My Lords, I intervene for a moment only. This discussion has more or less exhausted the subject, but I desire to repeat a suggestion that I made when I was a member of the Joint Committee which considered the question of the censorship. As everybody knows, there are far more women who waste their time and their money in going to the play than men. You can see hundreds of these misguided women waiting for hours and hours in all kinds of weather on the pavement in order to witness some perfectly imbecile piece. The Lord Chamberlain has, in accordance with the suggestion made by our Committee, a Consultative Committee of which my noble friend Lord Ullswater is one of the members. My suggestion is that a woman should be put upon this Committee—a really sensible woman, not the kind of woman who would stand twelve or possibly twenty-four hours waiting on the pavement in order to get a chance of going into the theatre at a payment of one shilling less than might otherwise be charged. You want a really sensible woman and there are plenty of sensible women. If this suggestion is adopted it will go a long way towards solving the difficulties of which complaint has been made.

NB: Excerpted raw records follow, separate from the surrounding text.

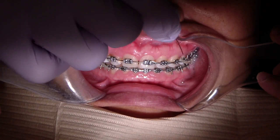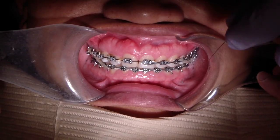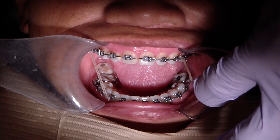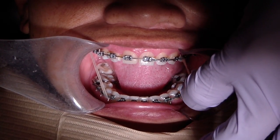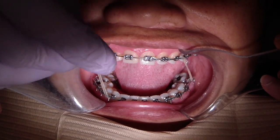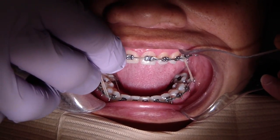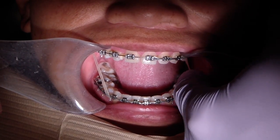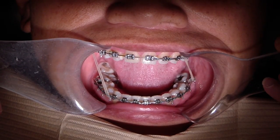We have class 2 elastics on her left side — you can see here it runs from the molar to the canine — and what we're trying to do is get bodily movement to mesialize that molar. We've closed up all our spaces on the mandibular arch, and now the final step is to mesialize that molar.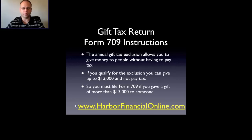Our website harperfinancialonline.com allows you to prepare your taxes online, and we provide a bunch of free information on that site. You can go through all the different credits, deductions, and every area of tax that's going to allow you to save some money.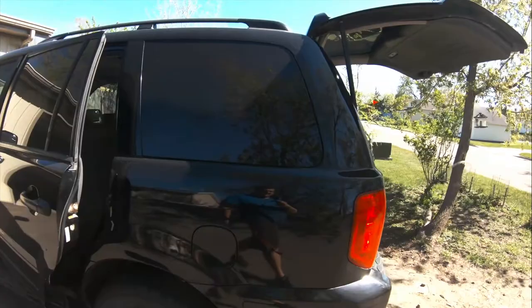If you've got a Honda Pilot that's rusted out, let me show you how to fix it. This is going to be a really brief guide and you're going to have to use your own methods to fix it.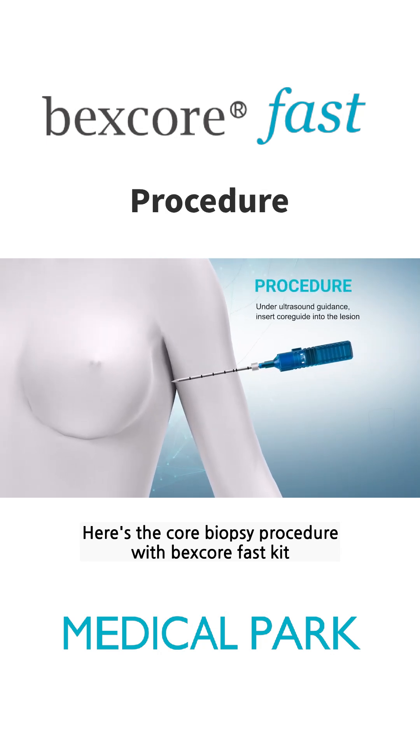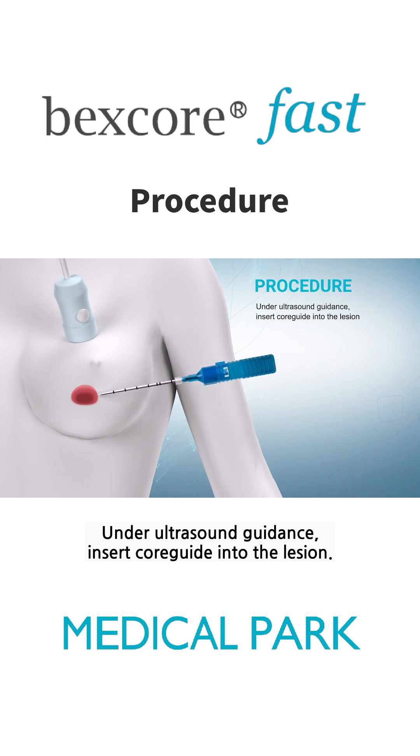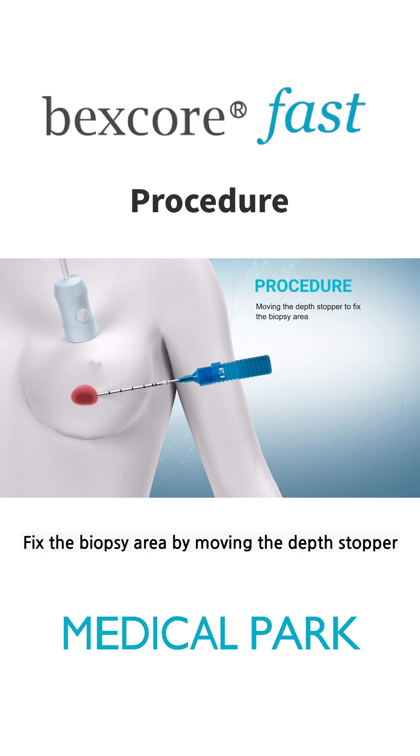Here's the core biopsy procedure with Bexscore Fast Kit. Under ultrasound guidance, insert core guide into the lesion. Fix the biopsy area by moving the depth stopper. Push the button and remove the stylet.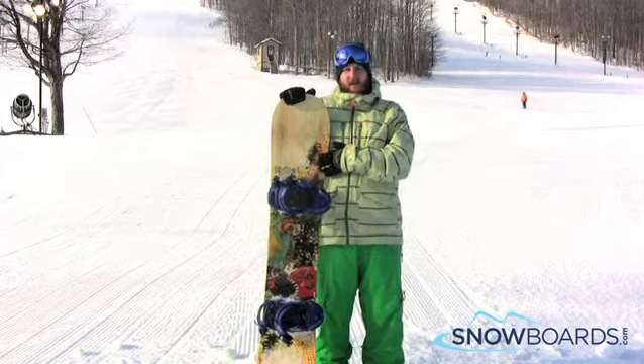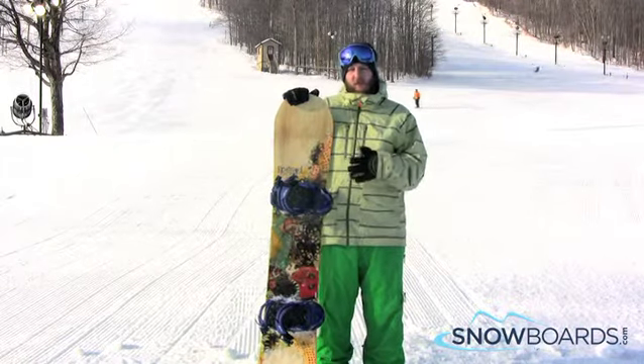Hi, I'm Rob. I just got off the Rossignol Angus. I give this board 4 out of 5 stars.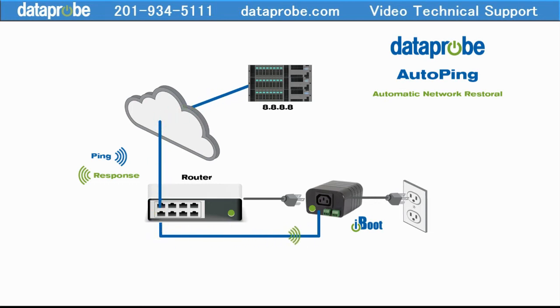If the iBoot gets no response, it tests a few more times to make sure. Once the iBoot decides the network is really out, it reboots your router to restore your connection. If the reboot fixes the problem, then we're back to normal and the iBoot goes back to testing.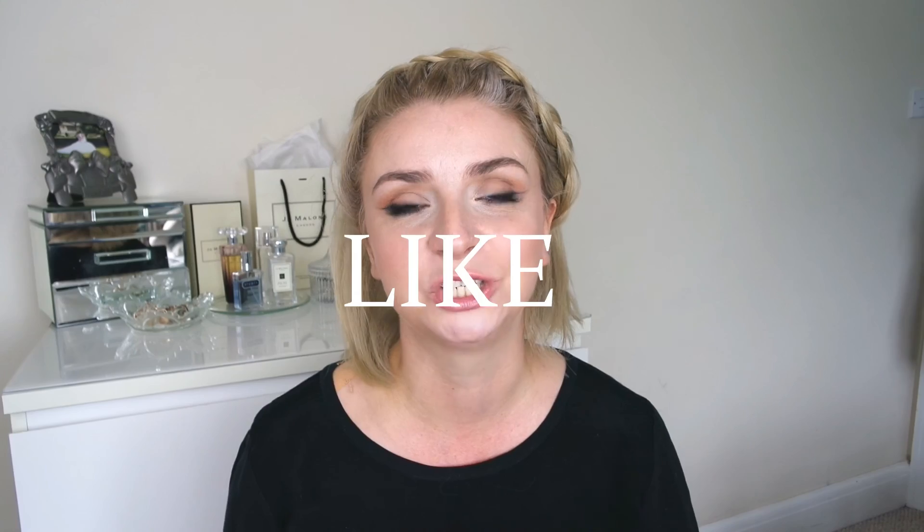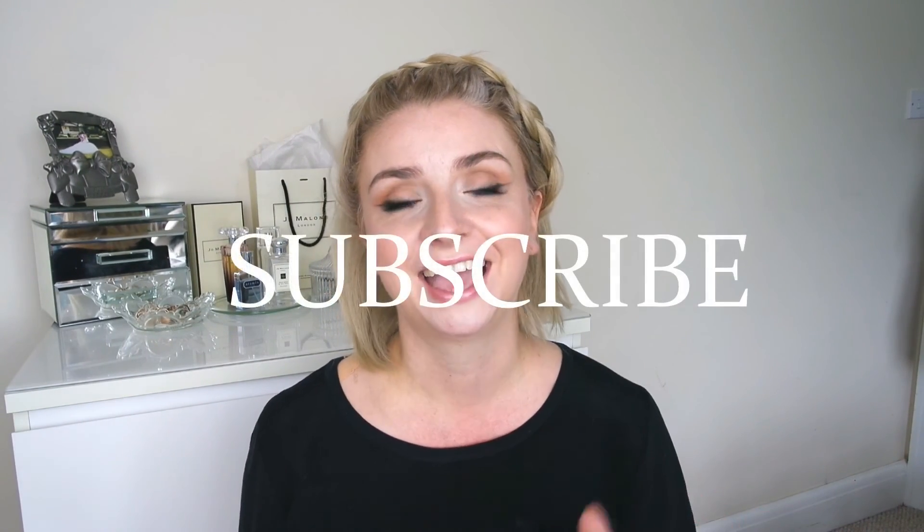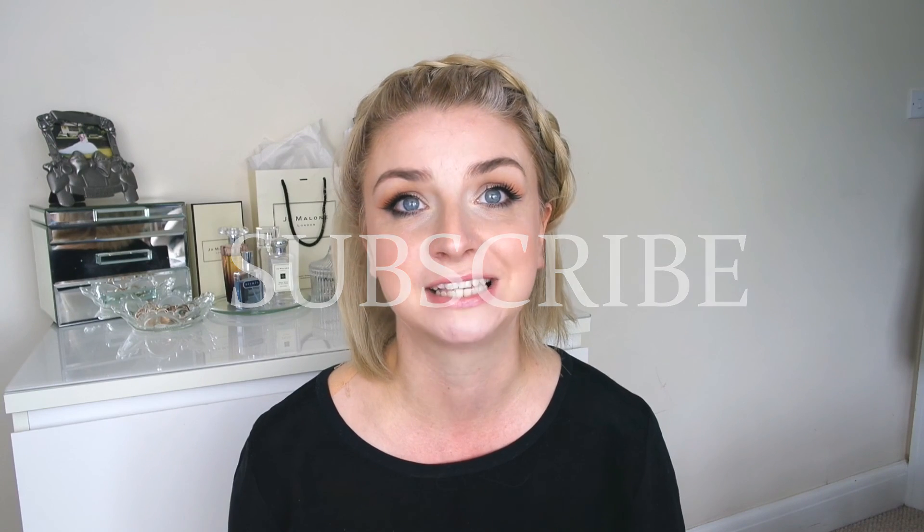I hope you enjoyed my little review of the Morphe brushes and it's given you a roundup of how I feel about them. Please give me a big thumbs up if you liked the video and click subscribe — it's free. When I upload every Sunday, a new video will come in your subscription box so you won't miss one. Have a wonderful day and I look forward to seeing you next week. Bye.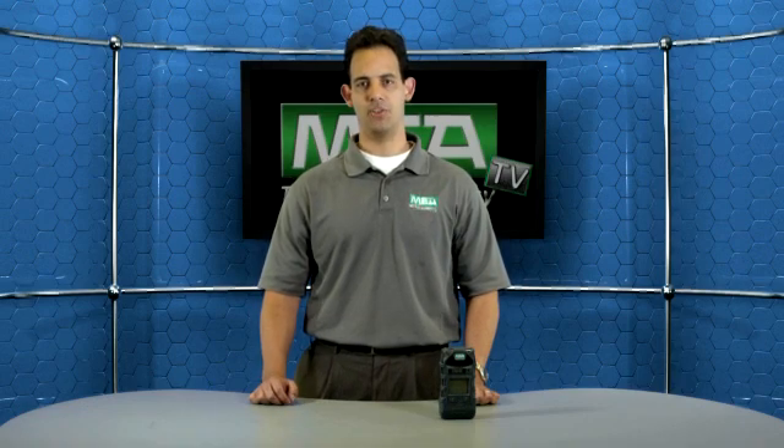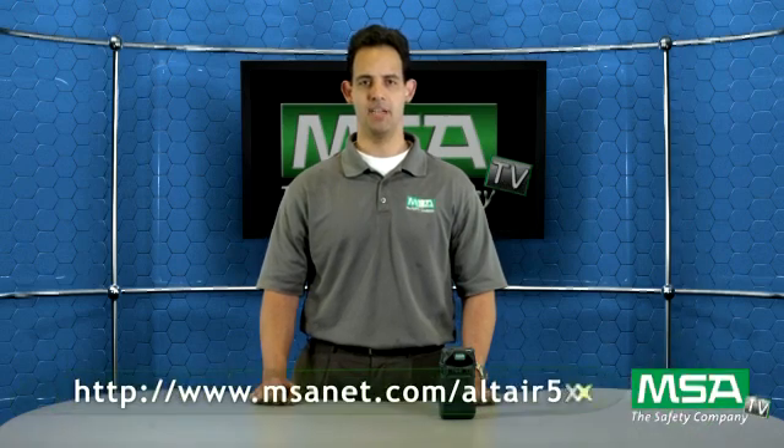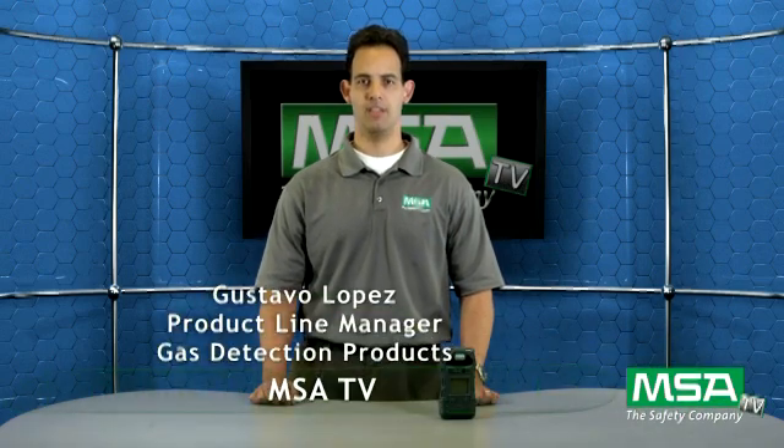For more information on MSA's Altair 5XTS multi-gas detector, please visit our website at www.msanet.com/Altair5XTS. Again, I'm Gustavo Lopez, product line manager for gas detection, and thank you for watching another MSA TV episode.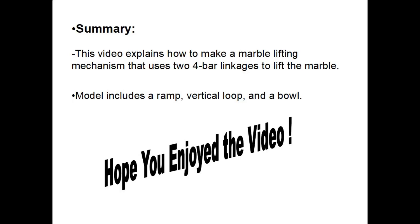To summarize this video, it explains how I made a marble lifting mechanism that uses two different four-bar linkages to lift up the marble. The marble also includes a ramp, a vertical loop, and a bowl. I hope you enjoyed the video. Thank you.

The impression that I got from serving on that Committee was that the censorship was not strong enough. I found myself entirely in agreement with my noble friend Lord Ullswater, who was a witness and who expressed the same view. He said that what really was required was the tightening up of the censorship. The Committee really was appointed with a view, if possible, of doing away with the censor. I went into that Committee with an open mind, as I invariably do. At the conclusion of the proceedings I was far more strongly in favour of the censor than I had been at the beginning, and that, I think, was the experience of everybody, including those who entered upon their duties with a strong feeling against the censorship in any shape or form. I do not think that we should commit any error if we encouraged the Lord Chamberlain to be, if possible, even more severe and careful than he is at the present moment. The opinion has been expressed by my noble friend Lord Ullswater before now—and there could be no better authority—that many plays have escaped his net which ought not to be presented. If this debate has the effect of making the Lord Chamberlain stricter in his examination of plays, it will have had a beneficial effect. At the same time I hope he will bear in mind the suggestion I ventured to put forward.

LORD MORRIS

My Lords, I should like in one word to thank the Lord Chamberlain for the very full reply he has given to my Question, although, of course, it is not a satisfactory one. There are two points I would like to mention. First, as regards the extracts that I referred to, I should be very glad to send them to him. Secondly, as regards not having supplemented those extracts by my own opinion on the matter, I could not do that because I had not the advantage of seeing any of these plays.

THE EARL OF CROMER

My Lords, may I say that I shall certainly take into consideration the suggestion made by Lord Newton? It is one that has been considered before, but was dropped after a certain time. In view of his putting it forward again I shall have much pleasure in going into the question further and I shall welcome any suggestions on his part as to its solution.